[[ COLLECTED MATERIAL open ]]

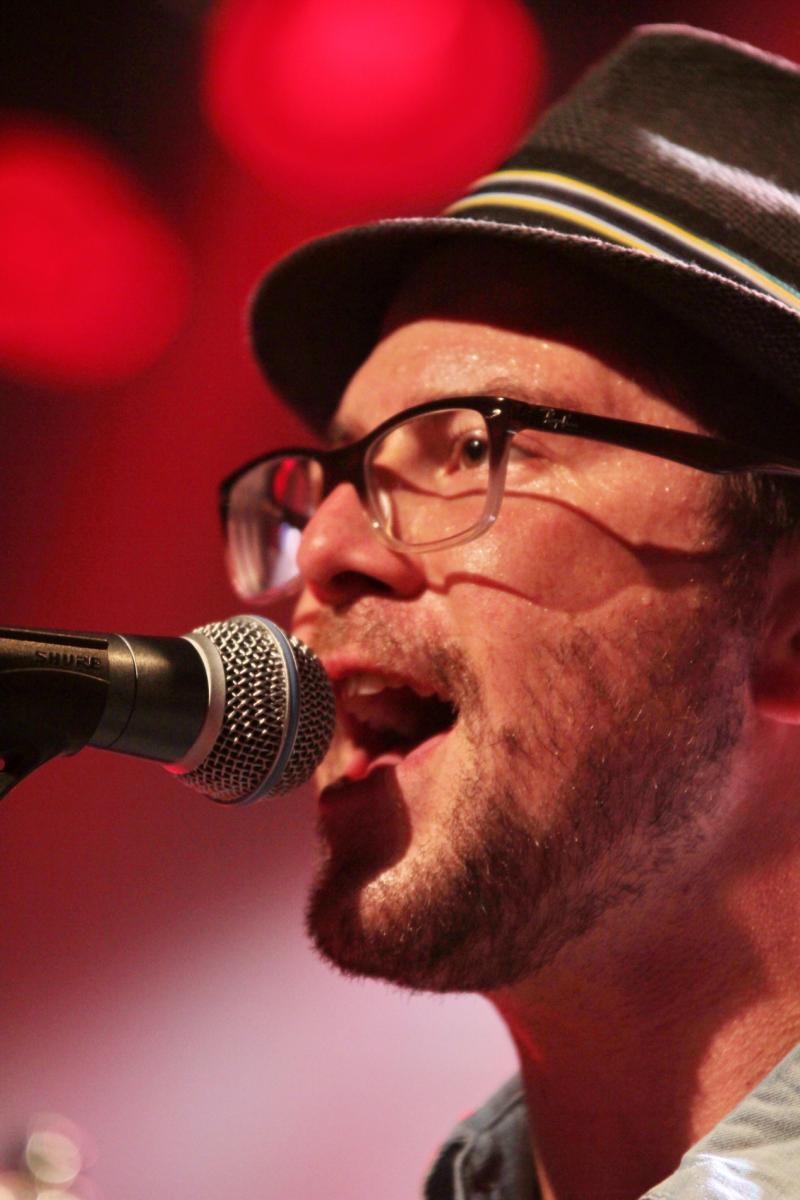 Barnaby Weir - The Back Seeds - The Powerstation - Jun 2012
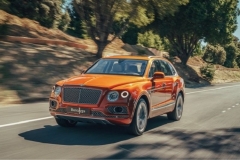 宾利将在2030年彻底告别内燃机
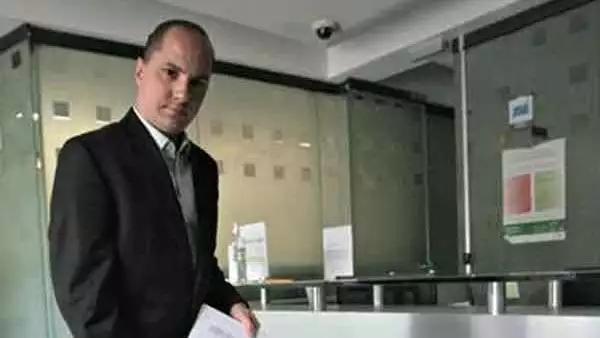 en contra del delegado de Prospera en #Veracruz, Alejandro Baquedano.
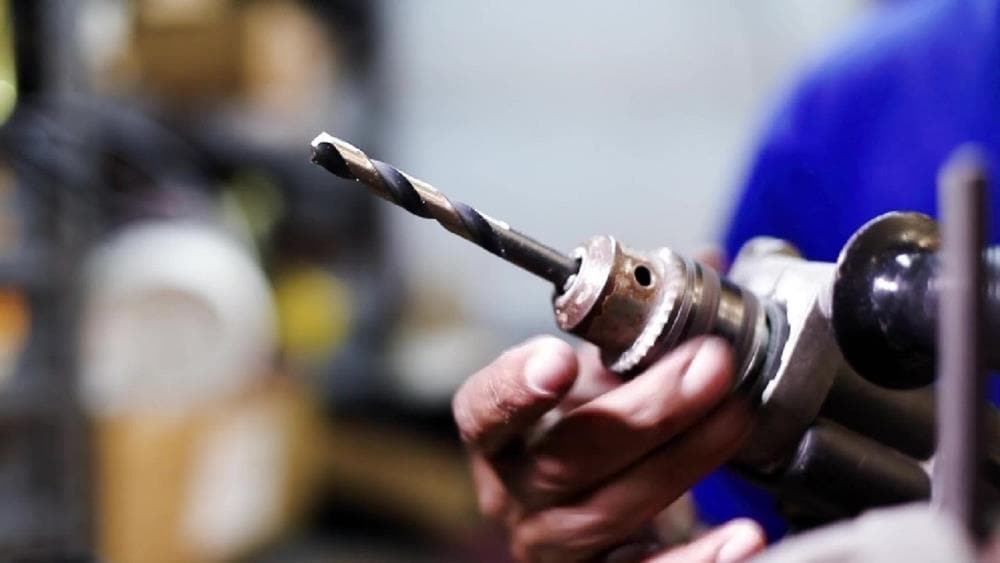 Broca Twist Drill Bit de 55/64 pulgadas x 6 pulgadas recubierta con oro negro y plata HSS Silver and Deming - KFDRSD55/64 de Drill America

[[ COLLECTED MATERIAL closed ]]

TASK GOAL: The pictures are not wanted, but every line of the listing should be duplicated exactly.

ANSWER TO THIS PROBLEM:
 Barnaby Weir - The Back Seeds - The Powerstation - Jun 2012
 宾利将在2030年彻底告别内燃机
 en contra del delegado de Prospera en #Veracruz, Alejandro Baquedano.
 Broca Twist Drill Bit de 55/64 pulgadas x 6 pulgadas recubierta con oro negro y plata HSS Silver and Deming - KFDRSD55/64 de Drill America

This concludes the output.